→ WHAT NEEDS TO BE DONE
Although the data below holds other lines too, output only those from the line with "A man in a suit" up to and including the line with "The Martha Pants", exactly as they appear.

→ DATA FOR THE TASK
----------

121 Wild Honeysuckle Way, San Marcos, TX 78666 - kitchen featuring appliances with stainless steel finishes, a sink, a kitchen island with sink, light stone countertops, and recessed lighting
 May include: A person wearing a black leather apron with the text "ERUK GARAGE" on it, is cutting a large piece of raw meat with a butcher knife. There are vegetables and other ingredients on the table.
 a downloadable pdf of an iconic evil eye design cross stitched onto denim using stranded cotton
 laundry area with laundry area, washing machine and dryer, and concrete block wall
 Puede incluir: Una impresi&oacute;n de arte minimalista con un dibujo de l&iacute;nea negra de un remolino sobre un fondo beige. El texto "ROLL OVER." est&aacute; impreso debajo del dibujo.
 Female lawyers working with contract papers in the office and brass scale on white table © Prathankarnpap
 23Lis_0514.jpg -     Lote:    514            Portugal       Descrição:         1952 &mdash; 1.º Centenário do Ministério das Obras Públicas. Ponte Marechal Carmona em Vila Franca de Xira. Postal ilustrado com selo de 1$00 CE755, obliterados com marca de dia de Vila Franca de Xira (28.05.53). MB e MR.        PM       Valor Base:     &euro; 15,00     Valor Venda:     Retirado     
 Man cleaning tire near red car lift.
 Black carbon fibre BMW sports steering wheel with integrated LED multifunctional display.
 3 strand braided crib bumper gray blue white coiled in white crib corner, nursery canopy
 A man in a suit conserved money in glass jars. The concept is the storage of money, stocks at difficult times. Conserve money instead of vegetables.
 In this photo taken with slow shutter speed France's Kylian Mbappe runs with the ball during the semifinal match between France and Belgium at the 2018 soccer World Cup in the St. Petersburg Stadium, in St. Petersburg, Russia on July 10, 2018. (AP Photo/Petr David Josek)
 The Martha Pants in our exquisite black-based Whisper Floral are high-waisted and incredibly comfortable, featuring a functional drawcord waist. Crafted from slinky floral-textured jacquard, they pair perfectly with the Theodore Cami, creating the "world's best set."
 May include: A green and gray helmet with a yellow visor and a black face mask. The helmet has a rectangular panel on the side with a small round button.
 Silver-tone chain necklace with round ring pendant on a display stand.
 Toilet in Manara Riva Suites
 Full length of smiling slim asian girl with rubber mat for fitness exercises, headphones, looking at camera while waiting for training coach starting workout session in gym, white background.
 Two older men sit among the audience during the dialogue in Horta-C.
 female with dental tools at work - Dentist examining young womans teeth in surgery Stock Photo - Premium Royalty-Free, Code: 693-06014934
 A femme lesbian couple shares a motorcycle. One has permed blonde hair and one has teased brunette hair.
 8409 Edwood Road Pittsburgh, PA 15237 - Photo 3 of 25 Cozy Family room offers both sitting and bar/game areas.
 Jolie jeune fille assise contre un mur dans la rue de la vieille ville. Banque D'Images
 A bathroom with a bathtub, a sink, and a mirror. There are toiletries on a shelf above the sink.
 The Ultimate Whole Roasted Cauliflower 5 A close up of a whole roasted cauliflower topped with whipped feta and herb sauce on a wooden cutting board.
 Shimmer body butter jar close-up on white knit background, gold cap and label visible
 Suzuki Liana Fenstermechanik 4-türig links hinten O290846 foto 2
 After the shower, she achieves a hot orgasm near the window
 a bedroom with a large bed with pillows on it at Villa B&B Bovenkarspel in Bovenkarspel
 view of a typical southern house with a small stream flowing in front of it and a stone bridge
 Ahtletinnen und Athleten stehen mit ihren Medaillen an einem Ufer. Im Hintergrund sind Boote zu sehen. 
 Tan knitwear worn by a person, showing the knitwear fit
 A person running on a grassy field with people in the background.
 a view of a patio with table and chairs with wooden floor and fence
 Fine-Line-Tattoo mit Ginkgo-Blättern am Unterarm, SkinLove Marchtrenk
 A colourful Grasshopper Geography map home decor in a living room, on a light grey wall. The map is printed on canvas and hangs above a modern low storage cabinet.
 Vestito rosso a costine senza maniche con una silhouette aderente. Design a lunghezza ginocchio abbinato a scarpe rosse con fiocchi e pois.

----------

→ OUTPUT OF THE EXERCISE
 A man in a suit conserved money in glass jars. The concept is the storage of money, stocks at difficult times. Conserve money instead of vegetables.
 In this photo taken with slow shutter speed France's Kylian Mbappe runs with the ball during the semifinal match between France and Belgium at the 2018 soccer World Cup in the St. Petersburg Stadium, in St. Petersburg, Russia on July 10, 2018. (AP Photo/Petr David Josek)
 The Martha Pants in our exquisite black-based Whisper Floral are high-waisted and incredibly comfortable, featuring a functional drawcord waist. Crafted from slinky floral-textured jacquard, they pair perfectly with the Theodore Cami, creating the "world's best set."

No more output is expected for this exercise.